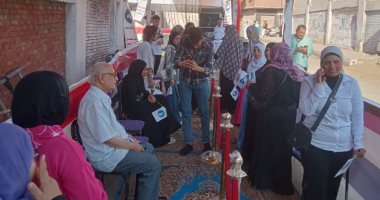 طوابير السيدات والفتيات تزين لجان انتخابات مجلس الشيوخ بحدائق حلوان.. صور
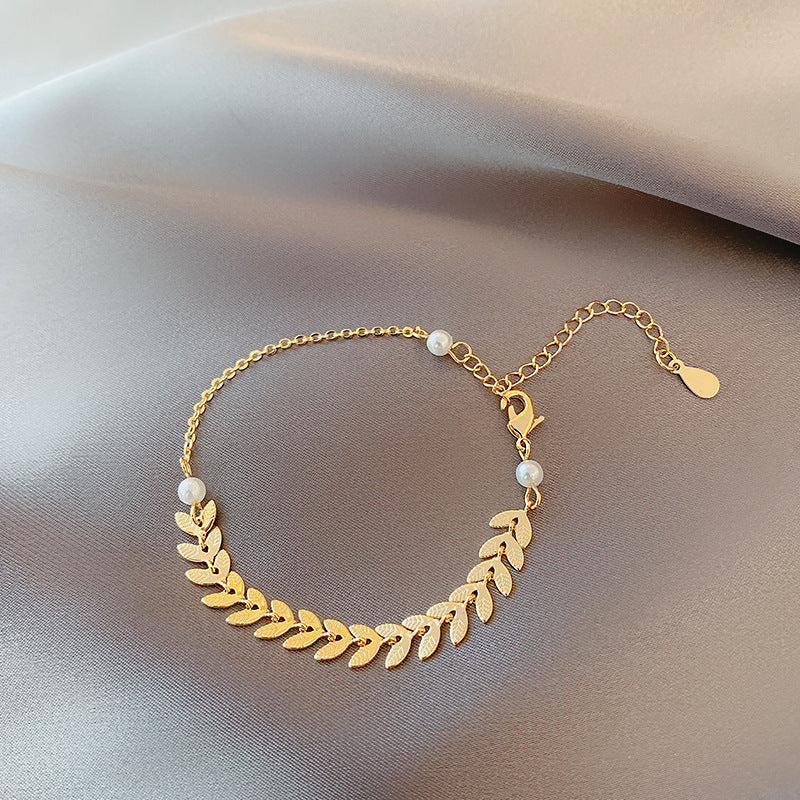 Three-piece Wheat Pearl Necklace Earrings Bracelet Set Jewelry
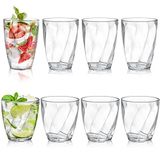 Lawei 8'li plastik bardak seti, 10 oz ve 13 oz yeniden kullanılabilir kırılmaz içme bardağı, su, meyve suyu ve kokteyller için kırılmaz akrilik şeffaf bardaklar, bulaşık makinesinde yıkanabilir, BPA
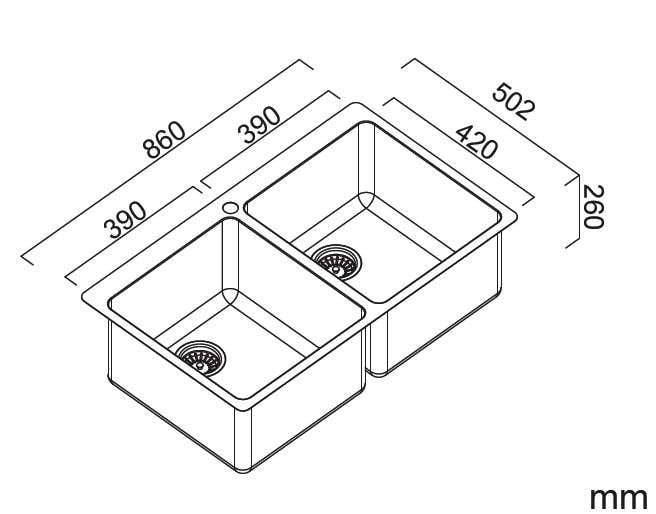 Abey The Double Leichardt Laundry Tub Inset Sink With Overflow LT45DB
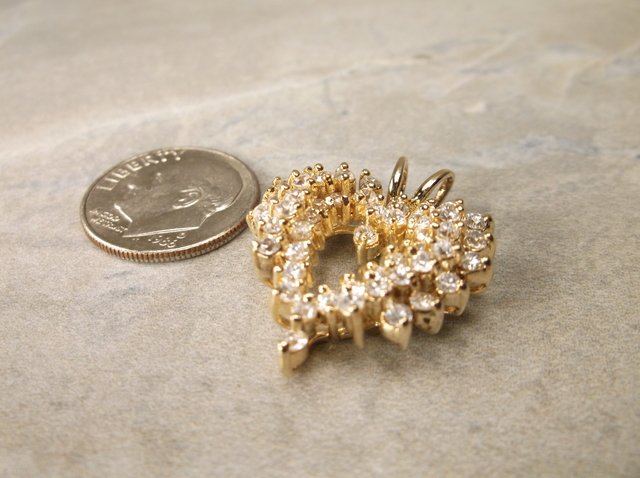 Gorgeous Heavy Sterling Silver Heart Pendant (1 of 1)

- - - -

Whenever a line holds a picture, print that line without the picture. All other data must be output exactly.

Output for this task —
 طوابير السيدات والفتيات تزين لجان انتخابات مجلس الشيوخ بحدائق حلوان.. صور
 Three-piece Wheat Pearl Necklace Earrings Bracelet Set Jewelry
 Lawei 8'li plastik bardak seti, 10 oz ve 13 oz yeniden kullanılabilir kırılmaz içme bardağı, su, meyve suyu ve kokteyller için kırılmaz akrilik şeffaf bardaklar, bulaşık makinesinde yıkanabilir, BPA
 Abey The Double Leichardt Laundry Tub Inset Sink With Overflow LT45DB
 Gorgeous Heavy Sterling Silver Heart Pendant (1 of 1)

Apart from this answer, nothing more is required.